▸ MATERIAL FOR THIS EXERCISE:
· · · ·

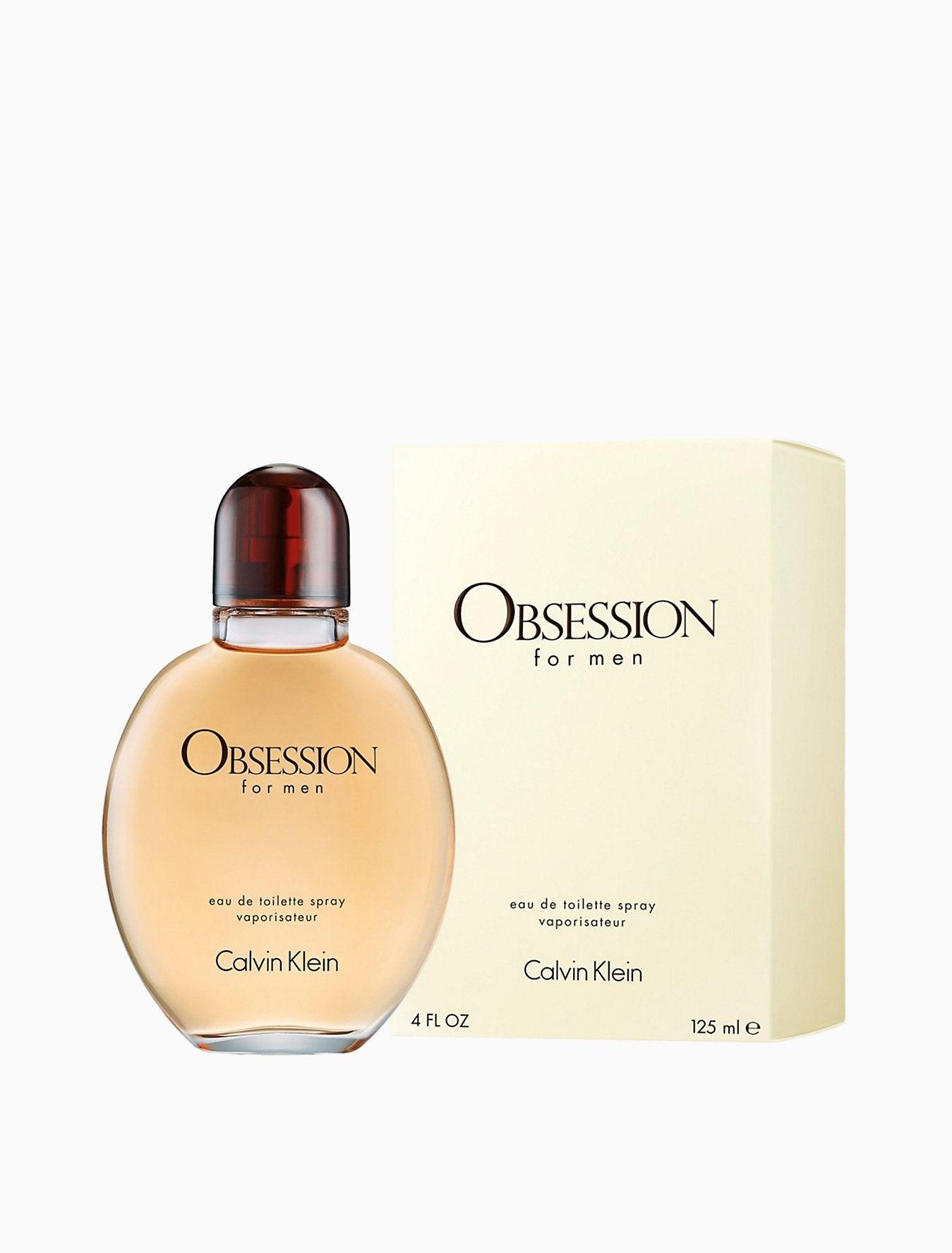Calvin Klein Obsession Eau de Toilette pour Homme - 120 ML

· · · ·

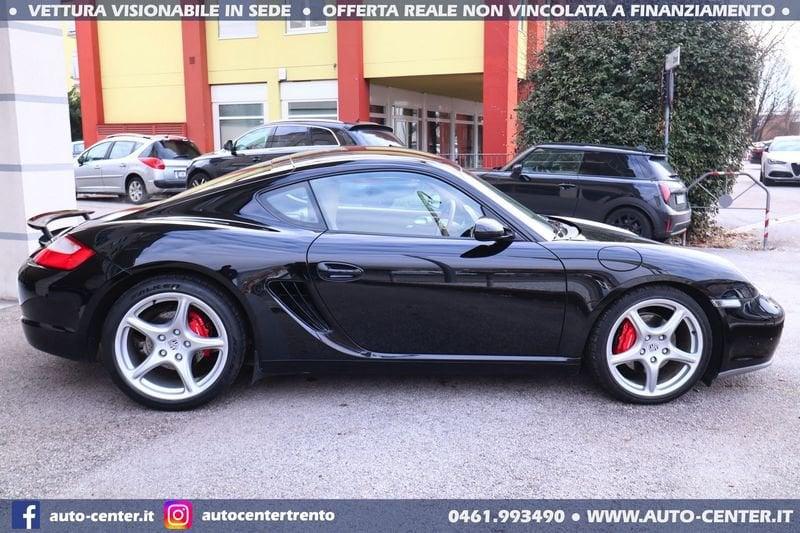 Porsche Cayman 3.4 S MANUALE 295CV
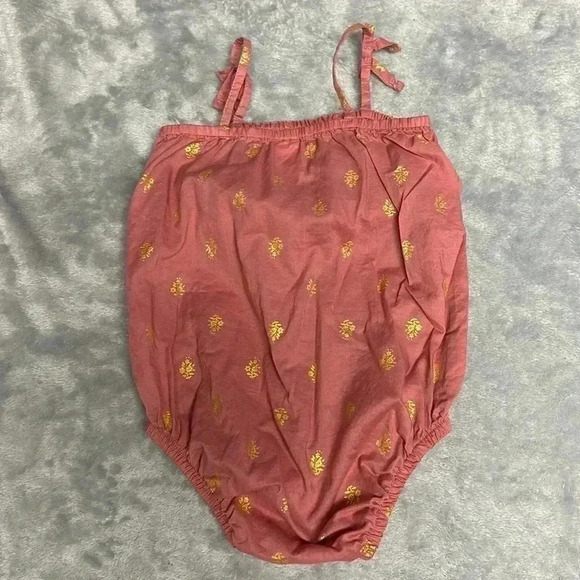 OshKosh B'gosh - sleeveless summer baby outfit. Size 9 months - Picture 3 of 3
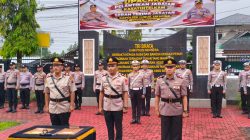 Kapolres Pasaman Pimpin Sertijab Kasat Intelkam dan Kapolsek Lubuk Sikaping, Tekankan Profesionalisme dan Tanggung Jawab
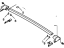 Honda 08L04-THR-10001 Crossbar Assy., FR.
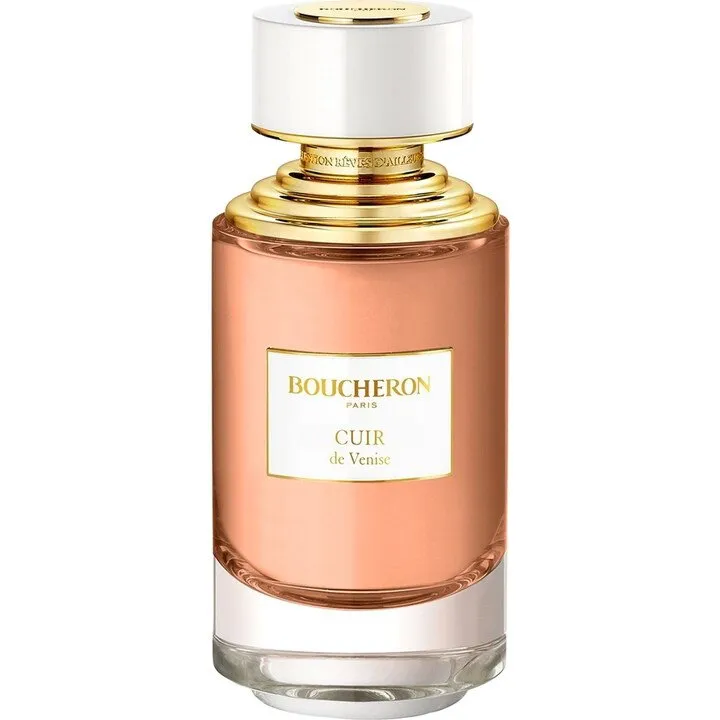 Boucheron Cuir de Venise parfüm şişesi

· · · ·

From the records above, quote word for word only the lines beginning at the line that has "Porsche Cayman 3.4 S MANUALE 295CV" and stopping after the line that has "Boucheron Cuir de Venise parfüm şişesi". Omit the pictures.

▸ RESPONSE BELOW:
 Porsche Cayman 3.4 S MANUALE 295CV
 OshKosh B'gosh - sleeveless summer baby outfit. Size 9 months - Picture 3 of 3
 Kapolres Pasaman Pimpin Sertijab Kasat Intelkam dan Kapolsek Lubuk Sikaping, Tekankan Profesionalisme dan Tanggung Jawab
 Honda 08L04-THR-10001 Crossbar Assy., FR.
 Boucheron Cuir de Venise parfüm şişesi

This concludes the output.